I know you’ve mentioned that you’re building this for VR but there are a lot of use cases in which this can be used for conventional three.js, non VR applications (mine included!). It would be nice to keep this agnostic and not make any assumptions about VR in the library. Not that there are any being made now just thought I’d mention it.

  • Yes I guess that there is other needs for it, so I’m trying not to tie this to VR, but on another hand I don’t precisely know what could be these use-cases. I would be super interested to hear about your use-case and why you don’t use CSS3DRenderer or other available solutions (it would help me understand what features should be prioritised).

I see that there’s a 0.01 unit offset being applied for every level of nesting in nested block. Is this to avoid z-fighting when rendering two planes that render to depth? Have you considered using Material.polygonOffset for this? That should allow you to keep all layers on a single plane if the user desires.

  • I know Material.polygonOffset but so far I’ve made the choice of letting the users create their own materials. I think I could set polygonOffset parameters to the materials they pass, but I’m not very fan of doing this, I think people expect the material they pass to be used as-is.
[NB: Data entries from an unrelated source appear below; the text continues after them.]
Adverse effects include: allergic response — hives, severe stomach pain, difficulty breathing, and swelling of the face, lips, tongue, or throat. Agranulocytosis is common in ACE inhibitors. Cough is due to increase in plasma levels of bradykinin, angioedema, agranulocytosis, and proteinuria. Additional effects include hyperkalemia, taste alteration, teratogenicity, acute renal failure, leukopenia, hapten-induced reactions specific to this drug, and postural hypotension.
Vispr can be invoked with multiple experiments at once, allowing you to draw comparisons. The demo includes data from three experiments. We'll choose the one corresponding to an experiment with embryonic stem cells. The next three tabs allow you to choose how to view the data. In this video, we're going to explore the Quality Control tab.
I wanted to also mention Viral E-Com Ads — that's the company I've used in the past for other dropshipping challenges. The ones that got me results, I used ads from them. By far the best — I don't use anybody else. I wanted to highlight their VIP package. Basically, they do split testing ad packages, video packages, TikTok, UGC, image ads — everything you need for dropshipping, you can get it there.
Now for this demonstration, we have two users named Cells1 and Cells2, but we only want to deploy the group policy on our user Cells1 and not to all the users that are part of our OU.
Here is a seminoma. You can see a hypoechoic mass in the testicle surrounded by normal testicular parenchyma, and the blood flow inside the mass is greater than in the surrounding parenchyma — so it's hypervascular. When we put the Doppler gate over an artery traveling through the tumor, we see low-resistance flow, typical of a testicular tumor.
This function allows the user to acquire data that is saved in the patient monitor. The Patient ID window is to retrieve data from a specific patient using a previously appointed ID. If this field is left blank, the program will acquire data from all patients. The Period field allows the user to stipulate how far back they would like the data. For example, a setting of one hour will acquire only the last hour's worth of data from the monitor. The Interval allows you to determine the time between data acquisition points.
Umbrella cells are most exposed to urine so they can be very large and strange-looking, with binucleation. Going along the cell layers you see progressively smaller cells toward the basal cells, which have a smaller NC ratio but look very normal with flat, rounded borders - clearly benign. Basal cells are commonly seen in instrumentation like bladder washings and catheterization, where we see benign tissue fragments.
However I’m realizing that working with users materials is a huge limitation for my lib, and there will probably be an update shortly, so that the user can pass parameters to apply to a library-created material. At this point the default offset will be 0, and materials will have polygonOffset default values set to avoid z-fighting. I think users should still have the possibility of using a custom material though.

Have you considered using signed distance field fonts rather than the mesh ones being used now? Then you could just use a plane per character – the SDF type may be more complicated to implement, granted…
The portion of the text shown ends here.